The show tries to show that technology can be evil and twisted, but a point that they don’t emphasize is that while individuals may use technology for evil, actual technology itself is not inherently bad. It seems as if Black Mirror is inherently always trying to blame everything on technology, like it’s the cause of everyone’s problems.
Technology can do a lot more to benefit people than it can harm them, but the show hardly touches on that, usually opting to show the negatives. Maybe someone should create an anthology show about the awesome side of social media and Big Tech. I’m sure Facebook would love to sponsor that.

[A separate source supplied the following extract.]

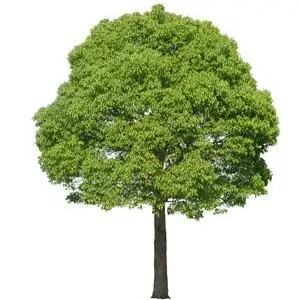 香樟树苗大型树木大树带土大小叶香樟驱蚊虫庭院绿化工程四季常青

But technology is a problem. I’m an older Millennial, so I grew up without the internet or smart phones for about the first 26 years of my life. Having watched your generation grow up starting when I was about 20 or so, I can tell you that you’ve been obviously lobotomized by Tech. Especially by the combination of smartphones and social media. This is not some wild thing that adults are telling you out of ignorance. It’s a known fact that companies like Apple and Snapchat (and Facebook, and Instagram, and…) have experimented at length with making their devices and products as addictive as possible in order to monetize them. They’ve done this by copying techniques that were already used by casinos to addict people by exploiting risk-reward channels that already exist in the human brain. You are in the position of somebody who has been purposefully exposed to an addictive drug from childhood, and it has re-wired your brain to keep you addicted. Most of the personality traits of Generation-Z are obviously the manifestations of the addictive qualities of smartphones + social media. This will manifest itself more and more as you get older. My prediction is that your generation (the true digital natives) will go on to experience a wave of psychological problems as you get older, especially depression and suicide, at levels unlike anything ever seen before. Tech companies already know of this risk, having conducted experiments on making people depressed and otherwise manipulating their emotions through their products. In the future, far from seeing shows like this as some addled vision, they will be seen as taking much too rosy and innocent a view of what is actually happening. Also, another prediction: the first kid who will reject tech and go “back to nature” has already been born. This movement is coming. Drug epidemics are cyclical, and a single drug usually doesn’t wipe out two generations in a row. When Gen-Z begins to fall apart, the kids who who see it happen will internalize a lesson about the dangers of Tech, and then reject it. Holding a smartphone in public will eventually be as socially unacceptable as smoking a cigarette in a crowded indoor restaurant is now.